Category Archives: Programming

How to Scrape Websites in Ruby on Rails using scRUBYt!

After launching Contrastream I’ve always wanted to create a script that would automatically add new albums to the site as they were released (saving me a lot of time). The idea was to scrape a bunch of album titles from review sites and combine it with information from the Last.fm.

The task seemed daunting at the time, so I never jumped in and tried it. After a year I finally wrote my first script and realized how wrong I was. Scraping sites with ruby is surprisingly easy.

For my first project, I decided to try the simple task of pulling product information from homedepot.com. Here’s how I did it after some trial and error. See the completed script: http://www.pastie.org/267676

The Plan

  • Go to http://homedepot.com
  • Search for “Hoover Vacuums”
  • Find the First Product in the Results
  • Click Product Details Link
  • Fetch Name + Description
  • Repeat for Each Product in the Results
  • Save Data to MySQL

What You Need

This is purely a ruby script but I used Rails to save the data using Mass Assignment + ActiveRecord (MySQL).

  1. Firefox + Firebug + XPath Checker
  2. Set up basic Rails application framework
  3. Install scRUBYt! plugin (sudo gem install scrubyt –include-dependencies )
  4. Set up the database.yml file
  5. Create homedepot.rb in [rails_root]/scripts folder

Now the fun part begins…

Fetching the site

Add this to the top of the script.

	require '.ubygems' 
	require 'scrubyt' 
	Scrubyt.logger = Scrubyt::Logger.new 
	product_data = Scrubyt:: Extractor.define do 
 
	  fetch 'http://www.homedepot.com/'

These are the basic scRUBYt includes plus the rails environment so we can use ActiveRecord. After that you need to direct the script to the site your scraping (called fetching).

Searching the site

Now that the page is loaded up, it’s time to search the site.

fill_textfield 'keyword', 'hoover vacuums' 
		  submit

I highlighted the search input box in Firefox and viewed source.
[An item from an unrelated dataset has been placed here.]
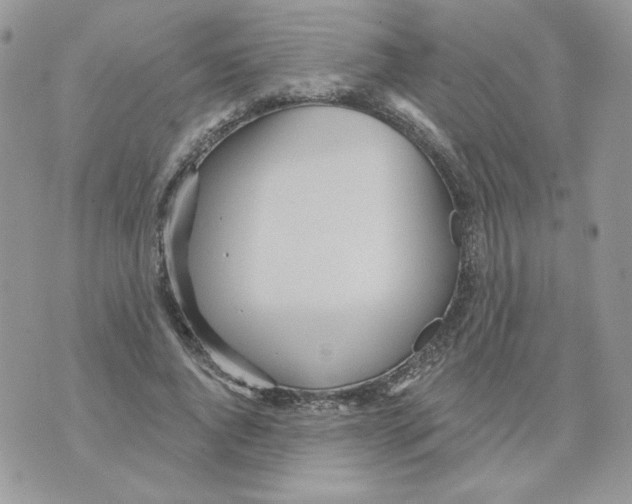 X0000070360736200607072102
I found that the input name was “keyword”. The second string is the search query “hoover vacuums”.

Find the First Product in the Results (Create a Pattern)

The search results page shows a list of Hoover products. The next step is to create a pattern that the script will follow. In this case, the pattern is: for each product in the results I want to click and see the product details.

product_row "//div[@class='product']" doend

From viewing the source I found that each product is wrapped in div class=”product”. Now for each div with a class=”product” the next action will take place.

Click Product Details Link

The link to the product details page is the name of the product. For example, the link “Hoover Legacy Pet Rewind Vacuum” goes to the details page. Because the link that will be clicked is unique on each row, I need to use the xpath of the link to create a pattern. (Otherwise, I would have used product_link “View Details”.)

    product_link "/form/div[1]/p[1]/a", :generalize => false do

To find the xpath, right-click the first link in Firefox and click view XPath. This is the xpath for the link inside the div: “/form/div[1]/p[1]/a”. This shows that the link was wrapped in a form tag, followed by div, followed by a p (all within div class=”product”).

Now, scRUBYt has a pattern: for each product in the search results, click the link (located inside a form, div and p tag).

Each product in the results has the same HTML structure so the script can easily find the next product in the results.

Grab Title + Description

Now that the script is in the product details page, it’s time to start scraping some data. I wanted two things from this page, the name and description.

	   product_details do 
	     product_record "//p[@class='product-name']" do 
	        name "Homelite 20 In. Homelite Corded Electric Mower" 
	     end 
	     parent "//div[@id='tab-features']" do 
	       description "/p[1]" 
	     end 
	   end

First, from looking at the HTML, I found the name was wrapped in the class “product-name”, so now I can grab the contents. I copied the title from the first product so scRUBYt can create a pattern for the rest of the products. Now the script knows exactly what data to kick back (the text within the “product-name” div).

The description is similar except I used the xpath “/p[1]” to create a pattern instead of copying the whole paragraph of text.

The “name” + “description” preceding the paths above it is the label attached to the data when you export the data later on.

Save to MySQL

The script is pretty much done; it is now searching for hoover vacuums, going to each product page and grabbing the name/description. Now you can save the data to MySQL (or any ActiveRecord DB).

The first step is to name your database columns the same name as what you labelled the data above. In this case, I used “name” and “description”. The mass assignment will automatically save the data to the corresponding DB columns.

	product_data_hash = product_data.to_hash 
 
	product_data_hash.each do |item|
	  @product = Product.create(item)
	  @product.save 
	end

Now, we save it to the DB by converting the data to a hash. Each item creates a DB entry and mass assignment automatically sorts the data into the columns.

Note: you could also save the data to XML or a basic text file.

The Complete Script

You can view the complete script here: http://www.pastie.org/267654

To run the script, run “ruby homedepot.rb” in a command line.